Brain Stem and Limbic System Collide

I've been thinking a lot lately about Cory's service, and about how Bob flew up here to see her:
 "It's Bob, devastated by the news, on my way to BC."

I was frozen.  Didn't respond.  Couldn't respond. Brain stem.

 How do you text someone to explain that  you inadvertently, but most certainly, sent your mutual child to her death? Would he agree that it was indeed my fault?

So instead, I held the phone, reading and rereading that single line in the backseat of the car, unable to stop shaking, finally allowing myself to be led by the arm into a florist to pick out gobs and gobs of flowers to put on top of my child's casket.  It was the beginning of several surreal experiences. They all had capital letters:  The Selection of the Flowers.  The Choosing of the Casket.  Deciding on a Cemetery.  The Securing of the Plot.  Dressing Your Dead Child.  Viewing Your Child's Corpse.  The list went on and on, each thing more horrifying than the last.  Brain Stem.
 I have the vaguest recollection of demanding roses and firmly overriding Tim's suggestion that everything be pink.  There was a little table or a desk that we gathered around, some woman, my Mom, and my sisters. I remember my knees shaking hard enough to move the table above them. There was a big album to choose from like when you plan a wedding.  I remember feeling like I was floating above my body.  I fought the urge to vomit the entire time I sat there.  Walking out of that store was sweet relief.

By the time Bob got here, I had decided he'd forfeited his right to be there when he told Cory she was crazy and when he told me I could keep my schizophrenic kid.  Yes, I would keep her and I would put her to bed this last time without him just like every year of her childhood.

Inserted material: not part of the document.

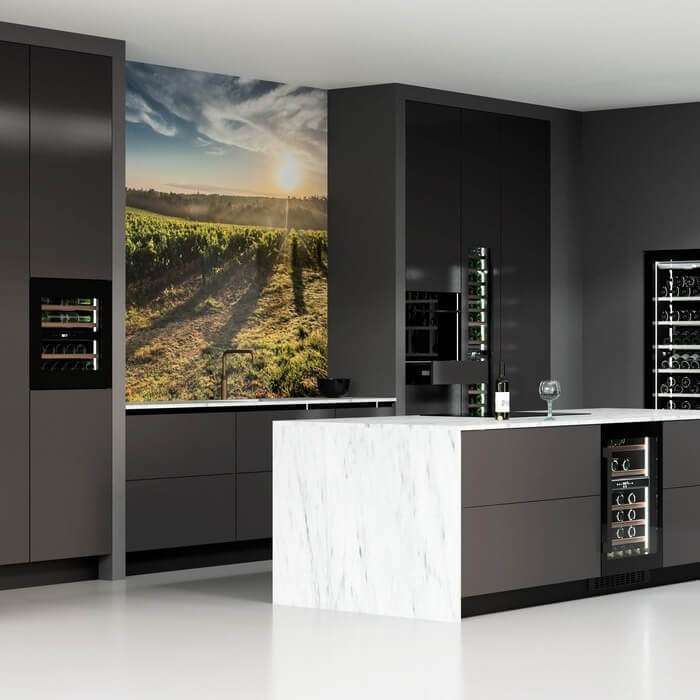 Forvino: de nieuwe standaard in wijnkoeling voor uw keuken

Just like every single year-the sweet smell of her baby scalp, her chubby toddler body, her sturdy little girl body, her gawky pre-teen, long, lanky frame, her young adult body that sometimes shook with tears when the voices were particularly scary and demanding.  "Hold me, Mommy, I'm scared."  Limbic system.  Where were you for this girl?  You show up NOW?
 Was it the right thing to do?  It sure felt like the right thing, but I was quite out of my mind, so I'm not really sure. Protecting her seemed paramount, probably even more so since I had failed to do so when it counted most.  I had all those times he'd hurt her and disappointed her pulled up in my mind ("I lived without you for ten years and I can live without you for ten more") and anyone who had hurt her like that...well, they were not welcome.  Limbic system.

So now, when I look back, I can see I made that decision with my emotions and I start to feel responsible.  But then, I remember that his actions towards Cory happened, regardless of how I felt about them.  Those actions were not my fault, so I cannot be held entirely to blame.  Stand up fathers who treat their children well, who provide for them, who love and care for them their entire lives are seldom turned away from their children's funerals.  You just don't see it much.

 I don't feel good about my decision.
But somehow, I bet Bob doesn't feel too great about his decisions, either.
 It was what it was.  I have to live with my decision of not allowing him to come to the funeral just as he has to live with failing Cory her entire life.  I hope for his sake and his son's that he's doing better by his boy than he did by my girl.